Implementing such objects would further simplify the interoperability with a companion project, alpaca (first release pending within the next weeks, https://alpaca-prov.readthedocs.io/en/latest/), to capture the provenance of an analysis workflow. This work on provenance we had prioritized over the data objects, however, we are confident that the data objects will be on the agenda this year (together with a new object to represent an experimental trial, which is what we are currently working on.)

I hope this goes in the direction of what you are thinking. Of course, we are very open for any ideas, suggestions and contributions to this topic!

joschaschmiedt commented 1 year ago

Hi @mdenker, great to hear that there are some plans for this. I agree that this is probably out-of-scope for Neo.

In general I like the direction that the AnalysisObject is taking, and alpaca looks very interesting!

As data analysis in electrophysiology is often exploratory and constantly changing, it may already be great to offer something a little more rigid than saving a complete workspace in MATLAB, but not too much. Often an analysis result is not much more than a couple of numpy arrays plus meta-data, which could be stored in simple, future-proof formats such as JSON and (flat) HDF or NPY. If I understood it correctly, alpaca is basically already almost doing that, except serializing the arrays. Correct?

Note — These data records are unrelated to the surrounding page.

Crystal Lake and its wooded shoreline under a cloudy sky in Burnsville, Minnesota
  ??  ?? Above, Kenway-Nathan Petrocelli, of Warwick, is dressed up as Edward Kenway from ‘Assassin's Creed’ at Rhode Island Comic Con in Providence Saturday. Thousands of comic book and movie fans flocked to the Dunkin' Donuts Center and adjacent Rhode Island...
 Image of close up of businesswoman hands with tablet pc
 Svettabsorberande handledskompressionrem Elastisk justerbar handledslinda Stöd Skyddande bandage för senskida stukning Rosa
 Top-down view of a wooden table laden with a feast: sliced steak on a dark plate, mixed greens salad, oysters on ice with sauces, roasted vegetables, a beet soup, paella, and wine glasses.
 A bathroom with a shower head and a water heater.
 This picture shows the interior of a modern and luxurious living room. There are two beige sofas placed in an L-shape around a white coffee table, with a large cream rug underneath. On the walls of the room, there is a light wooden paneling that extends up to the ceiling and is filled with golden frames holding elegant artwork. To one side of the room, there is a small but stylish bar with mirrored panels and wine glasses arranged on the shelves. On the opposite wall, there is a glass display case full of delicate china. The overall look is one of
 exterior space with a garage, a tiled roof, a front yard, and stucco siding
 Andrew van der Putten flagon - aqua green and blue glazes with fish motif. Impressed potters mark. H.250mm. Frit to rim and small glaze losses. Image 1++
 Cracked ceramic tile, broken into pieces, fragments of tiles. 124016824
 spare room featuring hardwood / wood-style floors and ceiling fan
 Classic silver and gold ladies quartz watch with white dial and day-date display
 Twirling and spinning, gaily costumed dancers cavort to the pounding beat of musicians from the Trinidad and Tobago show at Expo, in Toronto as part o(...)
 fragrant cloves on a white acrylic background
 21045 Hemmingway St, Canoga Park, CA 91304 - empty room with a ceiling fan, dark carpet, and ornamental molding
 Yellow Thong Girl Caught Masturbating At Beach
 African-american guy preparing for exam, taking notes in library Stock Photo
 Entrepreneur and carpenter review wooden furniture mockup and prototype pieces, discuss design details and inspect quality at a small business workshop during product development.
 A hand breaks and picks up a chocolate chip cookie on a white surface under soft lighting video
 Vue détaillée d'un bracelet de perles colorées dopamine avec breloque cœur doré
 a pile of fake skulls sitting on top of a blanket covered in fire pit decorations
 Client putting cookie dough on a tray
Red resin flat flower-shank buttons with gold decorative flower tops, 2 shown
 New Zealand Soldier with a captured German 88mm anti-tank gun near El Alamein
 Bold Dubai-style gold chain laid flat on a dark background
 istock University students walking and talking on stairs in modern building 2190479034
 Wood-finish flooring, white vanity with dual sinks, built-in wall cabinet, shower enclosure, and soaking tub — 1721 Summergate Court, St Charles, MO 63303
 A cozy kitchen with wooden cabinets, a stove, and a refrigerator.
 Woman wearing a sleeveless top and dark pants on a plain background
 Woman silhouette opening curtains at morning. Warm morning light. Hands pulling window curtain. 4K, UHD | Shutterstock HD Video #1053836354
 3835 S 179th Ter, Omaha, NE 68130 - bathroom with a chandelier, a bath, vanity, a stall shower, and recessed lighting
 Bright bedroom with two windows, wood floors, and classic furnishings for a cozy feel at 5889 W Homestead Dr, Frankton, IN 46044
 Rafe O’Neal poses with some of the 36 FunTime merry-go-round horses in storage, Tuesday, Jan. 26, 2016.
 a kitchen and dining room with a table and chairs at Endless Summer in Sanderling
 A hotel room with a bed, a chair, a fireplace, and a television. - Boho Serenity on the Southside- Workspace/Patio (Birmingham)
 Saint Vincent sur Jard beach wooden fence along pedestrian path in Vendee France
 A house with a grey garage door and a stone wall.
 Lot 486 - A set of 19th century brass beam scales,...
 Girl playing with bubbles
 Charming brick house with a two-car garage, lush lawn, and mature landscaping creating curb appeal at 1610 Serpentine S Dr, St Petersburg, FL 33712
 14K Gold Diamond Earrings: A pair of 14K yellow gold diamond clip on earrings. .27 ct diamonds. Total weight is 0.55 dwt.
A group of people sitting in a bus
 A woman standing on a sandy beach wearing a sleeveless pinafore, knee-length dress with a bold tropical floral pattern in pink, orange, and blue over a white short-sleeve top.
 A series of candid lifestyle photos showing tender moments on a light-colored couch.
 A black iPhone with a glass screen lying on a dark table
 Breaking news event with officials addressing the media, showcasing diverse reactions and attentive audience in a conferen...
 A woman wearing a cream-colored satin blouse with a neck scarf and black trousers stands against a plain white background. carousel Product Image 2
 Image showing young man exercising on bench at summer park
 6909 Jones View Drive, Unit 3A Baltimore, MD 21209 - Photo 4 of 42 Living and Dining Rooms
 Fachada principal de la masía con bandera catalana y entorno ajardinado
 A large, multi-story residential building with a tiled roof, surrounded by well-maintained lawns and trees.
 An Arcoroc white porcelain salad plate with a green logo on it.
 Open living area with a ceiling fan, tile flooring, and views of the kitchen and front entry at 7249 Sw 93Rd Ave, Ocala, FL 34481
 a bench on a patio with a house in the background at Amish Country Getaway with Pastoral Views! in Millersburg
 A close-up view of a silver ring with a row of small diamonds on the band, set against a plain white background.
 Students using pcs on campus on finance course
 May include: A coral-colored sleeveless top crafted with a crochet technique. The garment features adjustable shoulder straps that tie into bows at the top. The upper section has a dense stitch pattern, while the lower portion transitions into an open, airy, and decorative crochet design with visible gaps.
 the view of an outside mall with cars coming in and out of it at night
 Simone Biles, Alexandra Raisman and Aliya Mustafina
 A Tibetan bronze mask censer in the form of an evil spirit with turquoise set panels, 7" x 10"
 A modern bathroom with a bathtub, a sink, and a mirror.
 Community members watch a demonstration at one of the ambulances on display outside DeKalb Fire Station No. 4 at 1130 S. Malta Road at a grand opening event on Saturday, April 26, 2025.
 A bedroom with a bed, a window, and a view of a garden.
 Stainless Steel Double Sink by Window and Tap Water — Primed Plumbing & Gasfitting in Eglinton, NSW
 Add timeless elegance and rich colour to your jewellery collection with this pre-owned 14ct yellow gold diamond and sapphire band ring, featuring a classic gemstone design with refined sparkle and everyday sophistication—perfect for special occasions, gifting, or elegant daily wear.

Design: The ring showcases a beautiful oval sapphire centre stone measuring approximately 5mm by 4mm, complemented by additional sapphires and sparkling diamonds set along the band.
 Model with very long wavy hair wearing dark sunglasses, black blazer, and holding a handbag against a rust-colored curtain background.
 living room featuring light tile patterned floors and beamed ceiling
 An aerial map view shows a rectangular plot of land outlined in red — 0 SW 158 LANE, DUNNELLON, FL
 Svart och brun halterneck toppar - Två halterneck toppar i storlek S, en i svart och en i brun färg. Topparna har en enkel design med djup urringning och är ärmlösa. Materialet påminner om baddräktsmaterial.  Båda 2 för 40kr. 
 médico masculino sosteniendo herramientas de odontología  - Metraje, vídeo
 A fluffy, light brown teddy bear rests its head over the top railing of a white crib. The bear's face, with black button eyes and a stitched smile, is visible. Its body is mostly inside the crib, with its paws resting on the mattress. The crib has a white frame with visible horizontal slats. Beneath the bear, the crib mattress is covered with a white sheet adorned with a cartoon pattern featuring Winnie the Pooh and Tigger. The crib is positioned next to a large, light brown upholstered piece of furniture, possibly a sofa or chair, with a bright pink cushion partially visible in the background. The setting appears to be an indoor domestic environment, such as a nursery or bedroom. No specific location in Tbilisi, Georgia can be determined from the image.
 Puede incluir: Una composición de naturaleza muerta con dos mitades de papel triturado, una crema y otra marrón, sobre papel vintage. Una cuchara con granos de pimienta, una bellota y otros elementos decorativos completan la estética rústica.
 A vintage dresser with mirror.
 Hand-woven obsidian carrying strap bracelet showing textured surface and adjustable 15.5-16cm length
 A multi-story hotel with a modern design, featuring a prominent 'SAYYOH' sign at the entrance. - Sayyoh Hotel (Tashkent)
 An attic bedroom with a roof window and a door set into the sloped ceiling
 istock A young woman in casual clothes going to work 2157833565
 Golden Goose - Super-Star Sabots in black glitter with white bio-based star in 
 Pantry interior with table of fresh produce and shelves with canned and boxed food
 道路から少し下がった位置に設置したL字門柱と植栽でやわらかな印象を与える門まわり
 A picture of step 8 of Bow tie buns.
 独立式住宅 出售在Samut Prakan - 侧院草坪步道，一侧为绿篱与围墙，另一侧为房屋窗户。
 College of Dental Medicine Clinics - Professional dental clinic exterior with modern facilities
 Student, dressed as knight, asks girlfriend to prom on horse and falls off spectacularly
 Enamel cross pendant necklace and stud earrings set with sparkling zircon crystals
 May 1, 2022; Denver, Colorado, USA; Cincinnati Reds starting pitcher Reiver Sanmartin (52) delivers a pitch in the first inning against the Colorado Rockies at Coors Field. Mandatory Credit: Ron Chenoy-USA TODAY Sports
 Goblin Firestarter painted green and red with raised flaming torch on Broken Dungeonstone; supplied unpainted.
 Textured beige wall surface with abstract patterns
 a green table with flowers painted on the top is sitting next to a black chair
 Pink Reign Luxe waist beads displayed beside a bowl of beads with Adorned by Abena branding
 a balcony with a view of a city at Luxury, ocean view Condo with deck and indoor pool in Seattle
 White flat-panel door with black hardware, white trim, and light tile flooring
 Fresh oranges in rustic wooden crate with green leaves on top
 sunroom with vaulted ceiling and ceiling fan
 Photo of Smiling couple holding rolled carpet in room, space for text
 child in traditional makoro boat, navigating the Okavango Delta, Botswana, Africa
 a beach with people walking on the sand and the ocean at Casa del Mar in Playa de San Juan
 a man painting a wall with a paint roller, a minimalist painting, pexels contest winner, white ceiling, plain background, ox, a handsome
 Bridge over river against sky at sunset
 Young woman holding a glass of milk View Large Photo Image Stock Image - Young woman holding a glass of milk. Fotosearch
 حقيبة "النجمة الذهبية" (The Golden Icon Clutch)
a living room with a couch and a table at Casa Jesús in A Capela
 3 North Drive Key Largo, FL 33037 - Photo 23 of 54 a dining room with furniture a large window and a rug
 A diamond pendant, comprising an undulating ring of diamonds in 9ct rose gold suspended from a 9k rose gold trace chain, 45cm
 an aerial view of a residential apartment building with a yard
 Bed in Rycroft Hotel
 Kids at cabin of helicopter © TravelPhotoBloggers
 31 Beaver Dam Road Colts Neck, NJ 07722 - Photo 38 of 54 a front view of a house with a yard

From an architectural point of view, I'm not sure if each analysis method needs to implement its own result class inheriting from the AnalysisObject. This may be useful to achieve forward-compatibility of the stored analysis results, but I'm not sure sure that's achievable or necessary. I think, AnalysisObject could be treated as a flexible container that stores as much metadata as possible (auto-magically) together with the arrays, and serializes results using simple, flat data formats.

joschaschmiedt commented 1 year ago

Thinking about it, maybe a dataclass, which tells the user and developer what attributes should be there, in combination with a metadata-enhanced serializer is robust enough. The serializer could iterate over the dataclass and store all numpy.ndarrays in binary form (H5/NPY) and everything else as ASCII (JSON/...).

Edit: I stumbled upon https://github.com/lidatong/dataclasses-json, which may be useful in this context.

mdenker commented 1 year ago

Hi, and thanks for all your great comments ideas and suggestions. I agree that your idea of having a generic AnalysisObject type container that "always works" is very interesting concept that could already help a lot. At the same time it may still be beneficial to have more specialized (e.g., subclassed) objects to describe certain recurring types of analysis results that define the structure of the analysis at greater depth and help -- in the long run -- with interoperability and clarity of code. I think both concepts could work well together.

(Regarding alpaca, it's aimed at merely tracking provenance and data flow of inputs and outputs during a script execution, but does not get involved with the structure of serialization of data as such. However, such approaches could be seen synergistic in this discussion.)